Schiffer v Sunrise Removal, Inc.
2009 NY Slip Op 03888 [62 AD3d 776]
May 12, 2009
Appellate Division, Second Department
Published by New York State Law Reporting Bureau pursuant to Judiciary Law § 431.
As corrected through Wednesday, July 1, 2009


Roslyn Schiffer, Respondent,
v
Sunrise Removal, Inc., et al., Respondents, and Keyspan Home Energy Services, LLC, et al., Appellants, et al., Defendant.

[*1] Cullen and Dykman LLP, Brooklyn, N.Y. (Margaret Mazlin of counsel), for appellants.

Pazer & Epstein, P.C., New York, N.Y. (Thomas Torto and Jason Levine of counsel), for plaintiff-respondent.

Blane Magee, Rockville Centre, N.Y., for defendants-respondents.

In an action to recover damages for personal injuries, the defendants Keyspan Home Energy Services, LLC, and Keyspan Plumbing Solutions, Inc., appeal, as limited by their brief, from so much of an order of the Supreme Court, Kings County (Schneier, J.), dated March 9, 2006, as denied their motion for summary judgment dismissing the complaint and all cross claims insofar as asserted against them, or in the alternative, for summary judgment on their cross claims against the defendants Sunrise Removal, Inc., and Geoffrey D. McCallum.

Ordered that appeal is dismissed, without costs or disbursements.
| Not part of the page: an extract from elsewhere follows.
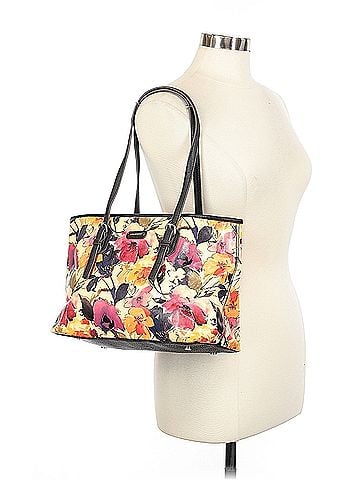 Dana Buchman Dana Buchman Tote (view 2)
The appeal from the order must be dismissed because the right of direct appeal therefrom terminated with the entry of judgment in the action (see Matter of Aho, 39 NY2d 241, 248 [1976]). The issues raised on the appeal from the order are brought up for review and have been considered on the appeal from the judgment (see CPLR 5501 [a] [1]; Schiffer v Sunrise Removal, Inc., 62 AD3d 776 [2009] [decided herewith]). Spolzino, J.P., Fisher, Miller and Balkin, JJ., concur.